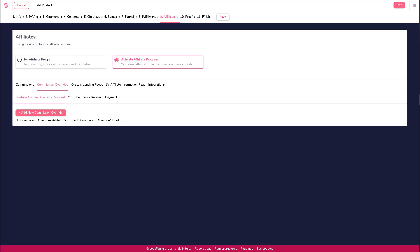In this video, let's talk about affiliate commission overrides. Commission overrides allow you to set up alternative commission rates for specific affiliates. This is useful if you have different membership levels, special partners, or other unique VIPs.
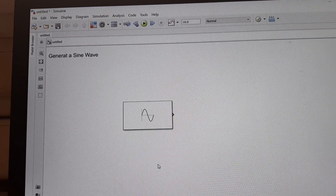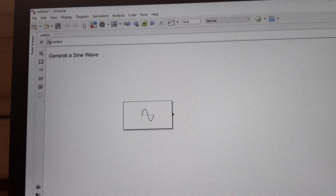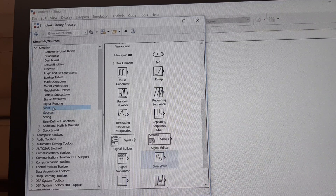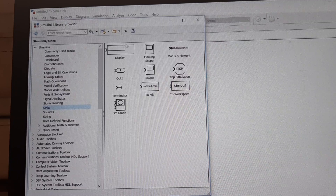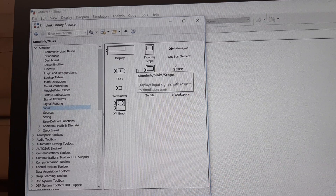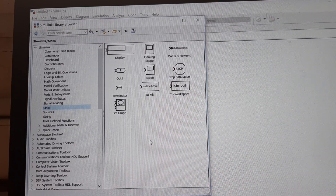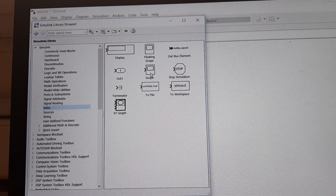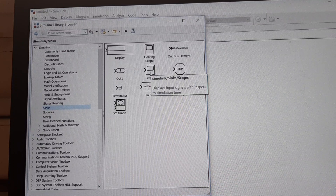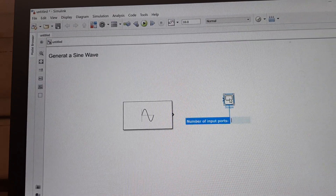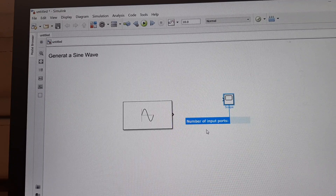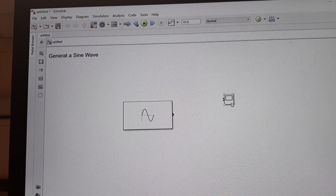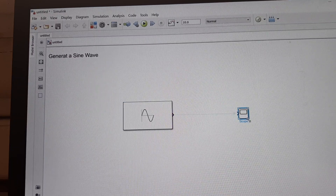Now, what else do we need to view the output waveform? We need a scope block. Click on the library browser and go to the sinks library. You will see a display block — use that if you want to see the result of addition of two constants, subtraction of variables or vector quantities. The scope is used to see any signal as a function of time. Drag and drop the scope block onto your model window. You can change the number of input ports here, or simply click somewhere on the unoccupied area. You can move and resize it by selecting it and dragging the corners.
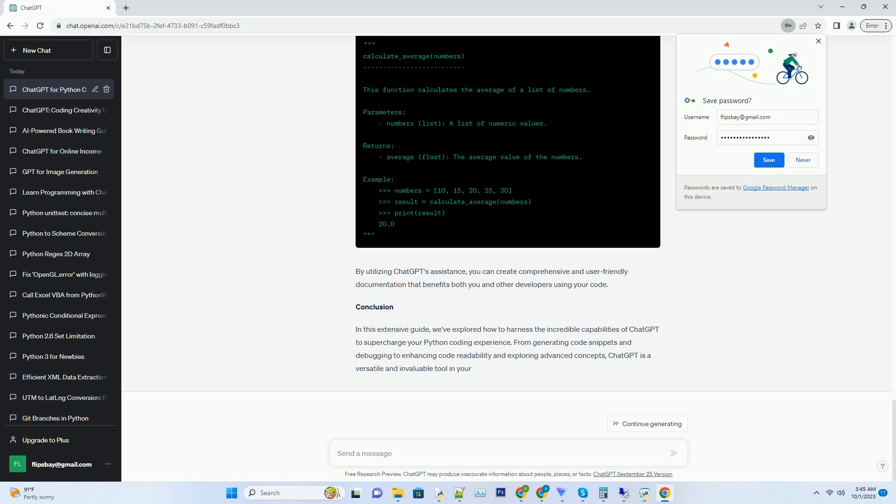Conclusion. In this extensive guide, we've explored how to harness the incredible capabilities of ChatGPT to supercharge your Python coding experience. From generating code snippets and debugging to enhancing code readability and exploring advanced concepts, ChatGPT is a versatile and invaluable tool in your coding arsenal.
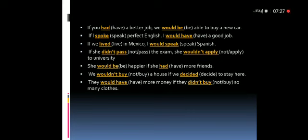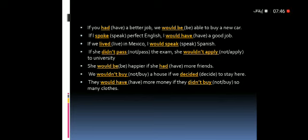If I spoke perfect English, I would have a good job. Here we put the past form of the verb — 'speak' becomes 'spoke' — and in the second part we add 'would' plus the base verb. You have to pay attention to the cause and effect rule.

**WORK ITEM**
Where the line containing "Now, what else" appears, begin writing out the lines word for word, and continue through the last line of the data, leaving out pictures.

**WRITTEN RESPONSE**
Now, what else do we need to view the output waveform? We need a scope block. Click on the library browser and go to the sinks library. You will see a display block — use that if you want to see the result of addition of two constants, subtraction of variables or vector quantities. The scope is used to see any signal as a function of time. Drag and drop the scope block onto your model window. You can change the number of input ports here, or simply click somewhere on the unoccupied area. You can move and resize it by selecting it and dragging the corners.
Conclusion. In this extensive guide, we've explored how to harness the incredible capabilities of ChatGPT to supercharge your Python coding experience. From generating code snippets and debugging to enhancing code readability and exploring advanced concepts, ChatGPT is a versatile and invaluable tool in your coding arsenal.
If I spoke perfect English, I would have a good job. Here we put the past form of the verb — 'speak' becomes 'spoke' — and in the second part we add 'would' plus the base verb. You have to pay attention to the cause and effect rule.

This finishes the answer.